Miraclewhip asks for an explanation:

The number of women who will never work outside the home is not negligible, but I didn’t quibble by choosing a ratio like 0.75 women : 1 man. It wouldn’t have mattered even if I did, because I was making a comparison between two ratios, 1 American female : 1 American male vs. 1 X ORDERS of MAGNITUDE foreign workers to whom US jobs have been outsourced to countries employing slave, child, or extremely cheap labor : 1 male worker.

I am puzzled why people here keep ignoring the fact that women in the workplace is a drop in the bucket compared to the impact of mass exporting of jobs. Maybe I’m just stupid, or missing something, but I honestly wish someone would show me what that something is.

No, you’re not stupid, because this is a relevant point and a very good question. And yet, it is easily answered by one of superior intellect and a modicum of research. Given that I speak three languages, you didn’t really think I’m completely unaware of that concept which goes by the misnomer “globalization”, did you? As for what you’re missing, the first clue is the US unemployment rate, which is closer to historic lows than historic highs.
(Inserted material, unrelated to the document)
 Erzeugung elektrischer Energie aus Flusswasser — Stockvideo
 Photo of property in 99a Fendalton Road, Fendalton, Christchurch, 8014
Note the following from an article on Chinese exports: “Exporting footwear creates millions of jobs for citizens who lack sophisticated skills. According to some reports, a total of 34 million export-related jobs have been created in China, with exports to the U.S. alone accounting for over 20 million jobs in the last decade.”

Now, Americans are still wearing shoes, so those imported shoes definitely cost some American jobs, but not as many as you might think. 20 million Chinese jobs do not equate to 20 million lost American jobs, because the productivity of the machine-assisted American worker is much higher.

Productivity is notoriously difficult to calculate, but if we use the simplest possible national estimate, GDP/civilian worker, it’s clear that even today, the American worker annually produces about $86,000 ($11.75 trillion/136.49 million) in value.* By comparison, if we assume that a similar percentage of the Chinese population is employed in the labor force – if anyone has an actual statistic, let me know and we’ll plug it in – that indicates the average Chinese worker produces $212.77 annually, (1.21 trillion/568.7 million). This would put the number of American footwear manufacturing jobs lost at 49,500 if Chinese productivity had been at its current levels since 1970… which it hasn’t, having quadrupled since 1978. So, the actual number of American jobs lost to these 20 million Chinese workers is probably somewhere around 20k to 25k.

Now keep in mind that the entire Indian IT market is smaller than this single Chinese footwear market, while the same productivity math applies. The American labor force is bleeding and this certainly may portend trouble for the future, but it’s still more akin to a nasty cut on the hand, not a hemmorhage, and fails to account for the greater part of the historical decline in wages. These job losses are certainly not nothing, but their cumulative effect is still a relatively small one when compared to 21 million immigrants and 34 million women entering what was a workforce of 78 million in 30 years.

*This analysis is simplistic and fatally flawed by the fact that GDP measures consumption, not production, but the two have been commonly used as equivalents in Keynesian macroeconomics for fifty years, so bear with me. Also, that’s a 2004 GDP figure and 2002 labor force. But the numbers are available and they suffice to clarify the relevant issue here.